The Best Management Practices Guidelines for Pacific Water Shrew in Urban and Rural Areas – May 2010 – V. Craig et al. BC Ministry of Environment, Ecosystems Standards and Planning, Biodiversity Branch states “All environmental assessments that occur within the range of the Pacific Water Shrew, and involve projects that will occur within, or result in habitat modification within 100m of any waterbody (stream, creek, wetland, march, ocean, ephemeral or intermittent watercourse) should include Pacific Water Shrew”. The City of Surrey’s report did not.

It continues - “Where a Pacific Water Shrew is captured, or in areas of habitat rated as high or moderate capability for Pacific Water Shrew (based on ratings available from the Ministry of Environment), these guidelines recommend the implementation of a 100m protective area around the habitat.” Ken Bennett states the habitat in Hawthorne Park is “moderate”. So even if surveys were not done, or surveys were done and no shrews were found, the city is obliged to provide the 100m riparian setbacks, which it is refusing to do.

According to the Best Management Practices and the Recovery Plan for the animal the major threats to the shrew are habitat loss, habitat degradation, and habitat fragmentation. All three of these will be caused by the Hawthorne Park road construction project. The BC Wildlife Act prohibits killing the shrews, harassing them, or destroying their homes and habitats…all of which will happen when the road construction goes ahead.
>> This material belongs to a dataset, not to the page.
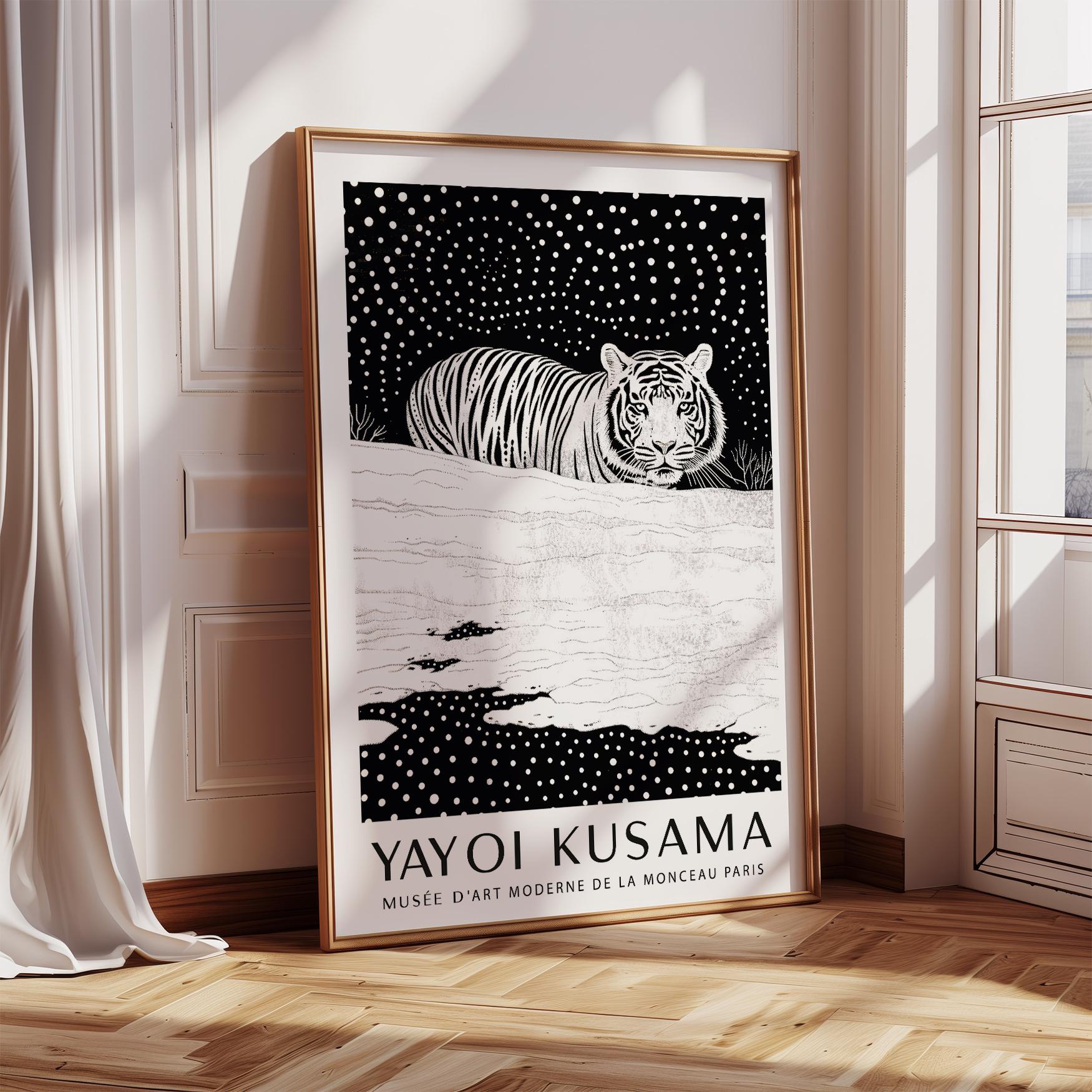 Snow Tiger Inspired by Yayoi Kusama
Although the Best Management Practices as well as the Recovery Plan for the shrew call for a number of objectives the responsible Minister and Ministry of Environment is negligent in his duty to protect this species on the brink of extinction. Specifically the BMP and RPPWS call for, among other actions: protection of known extant sites, restoration of historical and important potential habitats, prevention of habitat fragmentation and ensuring habitat connectivity, prevention of loss of not yet discovered populations, and the addressing of immediate threats to mortality.

Taking a page from the former federal Conservatives (who cut funding for weather research so they could deny existence of global warming), the City of Surrey is refusing to survey for species at risk so they can deny their likely existence in the park and therefore their habitat protections which would necessarily halt the road construction.

The City, with its rapacious developers gobbling up prime wildlife habitat and delicate ecosystems with their thirst for profits and their worst management practices, have turned Surrey into an environmental pariah among the more progressive municipalities in the lower mainland. Ultimately serious council decisions are handed down to city council by a handful of wealthy developers, who funded the last election to the tune of $902,000.

Our city, and our ecology deserve better. We deserve elected officials who stand up for the best interests of all the residents of the city, be they wealthy or poor, a bird, an animal, an insect, or a plant. Until our society respects all species’ intrinsic values, and their right to exist, the assault on biodiversity and social justice will have a terrible effect on the world we leave for future generations. A better world is possible, let’s make it so!